Le signifiant mouvement inaugural nous installe d’emblée dans la thématique de la chute, celle de Faust qui, voulant s’élever, ne fera que s’abaisser à l’instar du plan liminaire qui nous fait passer du ciel étoilé à la vue du village dans les montagnes, lieu de l’action montré en plongée. La lune apparaît, troublée par les nuages, annonciatrice des bouleversements à venir tandis que résonne le tonnerre. Aperçu apocalyptique qui par un fondu enchaîné lie le village au cadavre pourri qu’examine Faust, métaphore de la Mort qui plane dans une atmosphère putride.

Le deuil de l’élévation vers un salut céleste doit ainsi déjà être fait, à la belle voute étoilé a succédé la crasse et la salissure, le repoussant et l’immonde. Les recherches plastiques de Sokourov trouvent ici de nouveau une ampleur magnifique, les décors minutieux et réalistes habitent l’écran sous une photographie sublime qui oscille entre teintes jaunâtres et verdâtres. La texture de l’image (tournage en 35mm) et ses contours vaporeux tendent vers la rêverie comme vers le cauchemar. Sublimant le laid comme Baudelaire en son temps, la mise en scène de Sokourov nous conduit à l’émerveillement mais aussi au bord d’une certaine asphyxie. Il fait d’ailleurs le choix de revenir au format 1.37 : 1, le format proche du carré, pour mieux enfermé ses personnages, pour mieux restreindre leur liberté et augmenter cet étouffement à l’intérieur d’espaces sordides.

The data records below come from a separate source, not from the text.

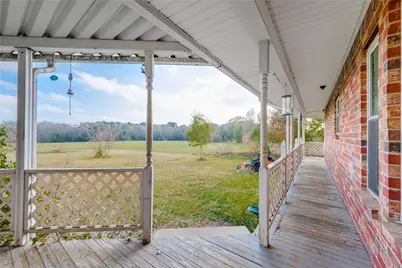 435 County Road 3204, Quitman, TX 75783 - Photo 35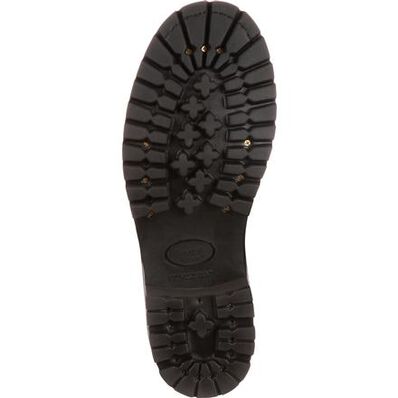 Georgia Boot Logger Work Boot, , large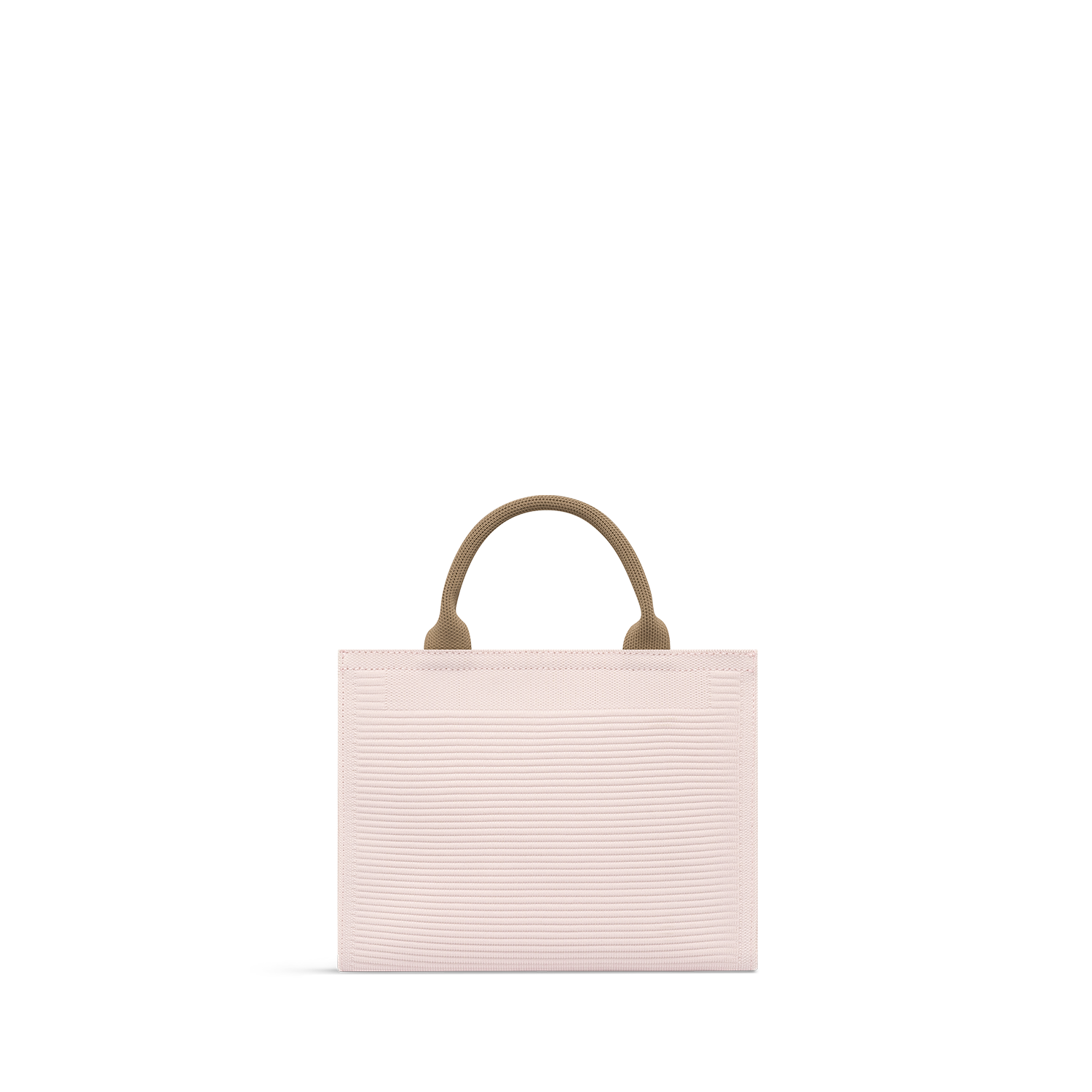 Fusion - Rose Pearl - Travelbag mini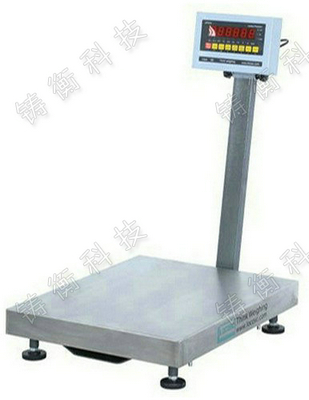 防爆丝瓜黄色视频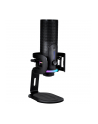 Streamplify MIC PRO USB Mikrofon, RGB - - nr 1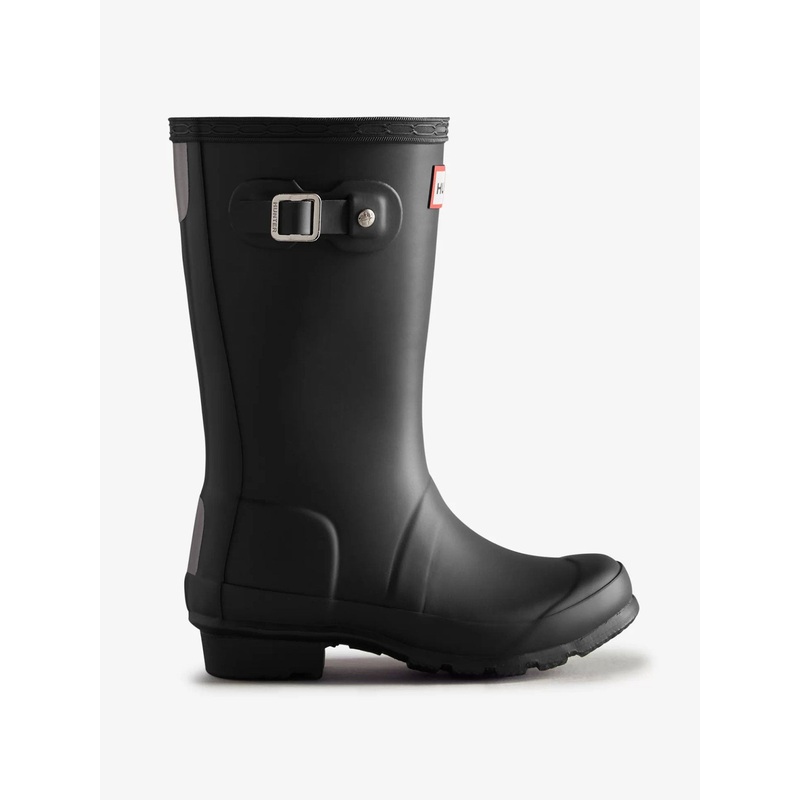 Original Rain Boots (Kids)|K01/K02|K02/K03|K03/K04|K04/K05|K05/K06|K13/K01|BLACK|SKIMMING STONE|YELLOW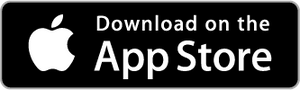 app badge right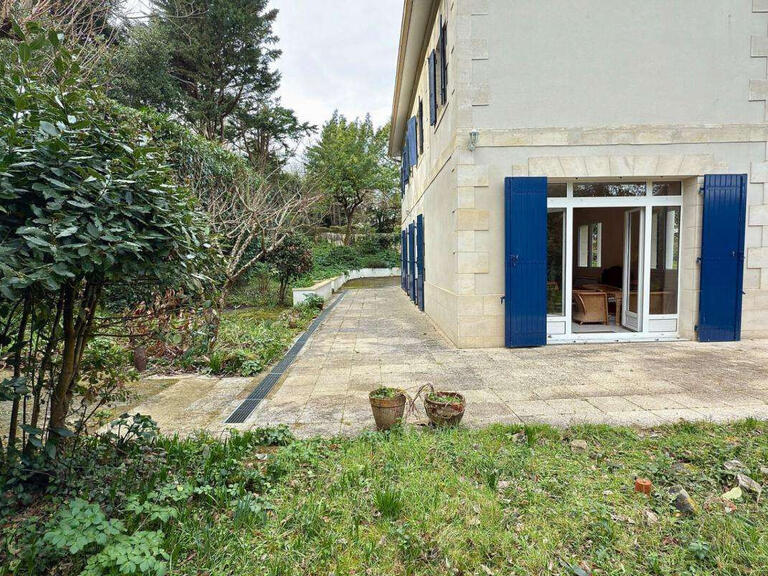 House Arcachon - 4 bedrooms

Déjà perdu, Faust (Johannes Zeiler) sera d’ailleurs souvent associé au motif de la cage qui reviendra à plusieurs reprises (on y voit enfermés des chats et surtout des oiseaux). L’emprise du Mal est aussi celle du cadre.

Un principe formel qui va devenir récurent traduit également ce basculement, cette perte progressive d’humanité et cette avancée inexorable vers la mort. Il s’agit de la distorsion de l’image qui s’augure juste avant la rencontre avec l’usurier (Anton Adasinsky) comme pour mieux annoncer le glissement. En effet, il y a littéralement passage puisque Faust franchit une arcade où il se fait agresser et chasse les mécréants comme il se chasse de sa propre vie. Il y a eu franchissement et l’étape suivante est l’entrée dans le bouge de l’usurier. Voyage sans retour. Cette séquence en huis clos, oppressante par son contenu et sa mise en scène (plans serrés) sera intégralement filmée en distorsion : le basculement est effectif, l’horizontalité de la réalité a succombé à l’attrait du Malin.

Le voyage de Faust, quête d’amour et de sublime se poursuivra dans le même esprit, le personnage de l’usurier, personnage à la fois grotesque et difforme tout autant que diabolique (il suspend les objets en gages comme autant de cadavres en devenir), rythmera la marche vers l’inéluctable en entrainant celui qui a signé sa perte de son sang. Il va soumettre à la tentation l’errant pour mieux le contraindre à lui céder. La belle scène de la rencontre avec la jeune femme,  Margarete, au lavoir, est vite souillée par la monstration du corps dégénéré de l’usurier, l’immonde s’immisce comme une prémisse. Plusieurs étapes se succèdent ainsi, entre tableaux merveilleux (la séquence lyrique dans le bois et son tapis de verdure miroitant) et peintures désenchantées (l’errance finale en territoire mortuaire). Un choix a été fait, une destinée a été scellée et le pacte avec le Maudit n’a rien perdu de son impact.

La puissance visuel du film ne fait qu’un avec son propos et c’est à une singulière sensation filmique que nous convie Sokourov, celle de nous faire basculer, nous aussi vers le sublime et le sordide, vers ce voyage intérieur que ressent l’extérieur. Le cinéma de Tarkovski et Bergman est tapi dans l’écho spéculaire. Et il faudra bien l’imposante musique finale pour nous extirper de cet étrange cheminement où les âmes perdues ne sont plus que des pas perdus.


Romain Faisant, écrit le 20 Juin 2012.